← Back to context

Comment by tuukkao

1 month ago

Can you elaborate how an user interface based on conversation is even remotely as efficient as a keyboard-operated screen reader? With a screen reader I can get information out of a web page much quicker than the time it takes me to think how to ”ask” for it. The only advantage with this approach I could see (assuming there would be no hallucinating etc.) is that AI can extract things out of an inaccessible / unfamiliar interface. However, in all other respects this approach would effectively lock blind people to using only the capabilities the AI is able to do. As a blind software developer this idea of a supposedly viable user interface sounds patronising more than anything.

Not to mention that this seems to completely ignore all the things that we might use computers for. Browsing websites is only one of the things I do. Many of the things I do I think would be extraordinarily clunky through natural language. Also I just do not feel comfortable talking to my computer out loud, especially when I'm anywhere with other people around. Or I don't know... playing games with friends on voice chat. It seems to be common for people to assume that a fix is very easy and simple. LLM's, OCR for screen readers, etc. If it really was as simple as just slapping OCR on everything, it would already have happened. Also I definitely like some privacy and would prefer my computing not to happen entirely through OpenAI, Anthropic or Google, and whether someone can use computers well or not, we shouldn't force them to do that exact thing. At least in my opinion. And that doesn't even go into the costs associated with all of that LLM usage.

I agree with you that someone who is good with a screen reader can efficiently move through web interfaces. A good screen reader user is faster than the typical user.

However, not all blind people are good with screen readers. For them, an AI assistant would be useful. Even for good screen reader users an AI could be useful.

An example: Yesterday, I needed to buy new valve caps for my car's tires. The screen reader path would be something like walmart -> jump to search field, type "valve cap car tire" and submit -> jump to results section -> iterate through a few results to make sure I'm getting the right thing at a good price -> go to the result I want -> checkout flow. Alternatively, the AI flow would be telling my AI assistant that I need new car tire valve caps. The assistant could then simultaneously search many provider options, select one based on criteria it inferred, and order it by itself.

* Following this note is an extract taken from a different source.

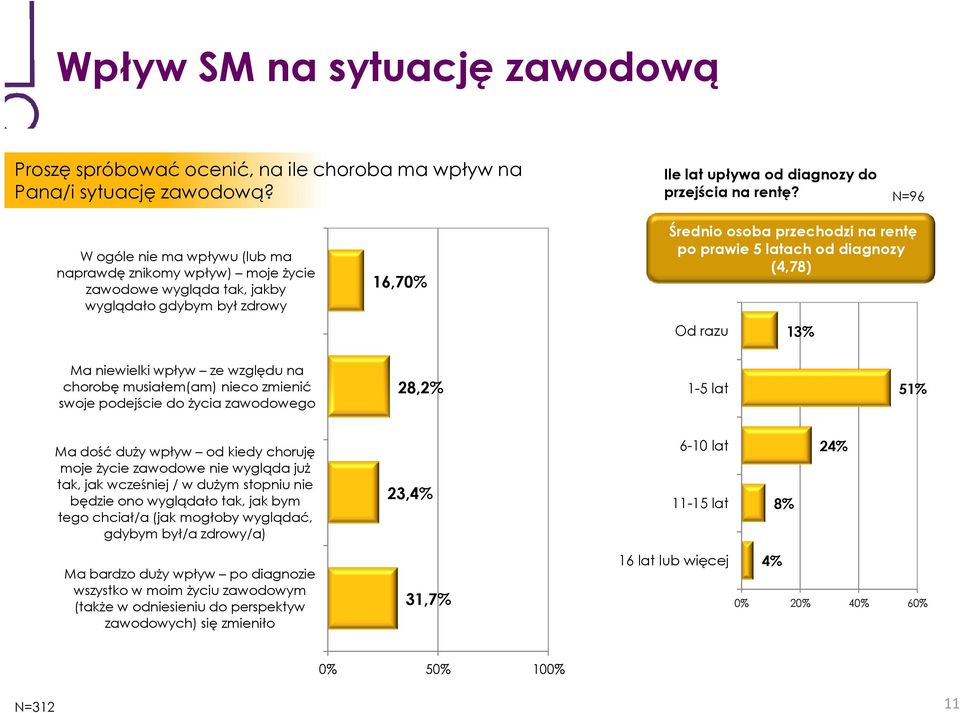 (4,78) Od razu 13% Ma niewielki wpływ ze względu na chorobę musiałem(am) nieco zmienić swoje podejście do życia zawodowego 28,2% 1-5 lat 51% Ma dość duży wpływ od kiedy choruję moje życie zawodowe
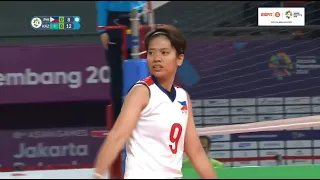 Kim Fajardo | 2018 Asian Games | Compilation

The AI path, in other words, gets a better result (looking through more providers means it's likelier to find a better path, faster delivery, whatever) and also, much easier and faster. Of course, not only for screen reader users, but also just everyone.

Then the problem was solved 30 years ago, and you can continue to use it indefinitely.

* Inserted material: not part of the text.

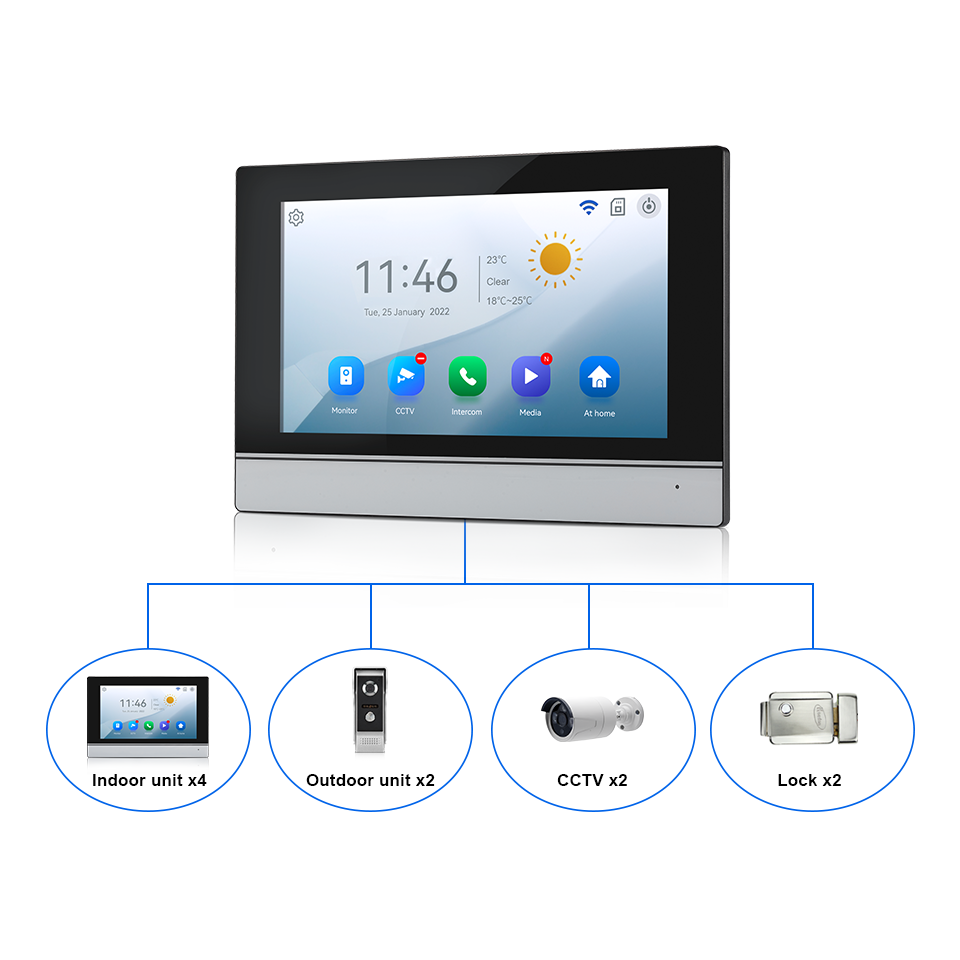 7Inch IPS Screen 2MP  Tuya Rem - đánh giá và giá Home Security Tips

No one will force a blind person to use a computer that converses in natural english. But even sighted people are likely to move away from dense visually heavy UIs towards natural conversational interface with digital systems. I suspect that given that comes to fruition (unlike us nerds, regular folks hate visual info dense clutter), young blind people won't even perceive much impediment in that area of life.

This isn't far off from CLI vs GUI debate, where CLIs are way faster and more efficient, but regular people overwhelmingly despise them and use GUIs. Ease over efficiency is the goal for them.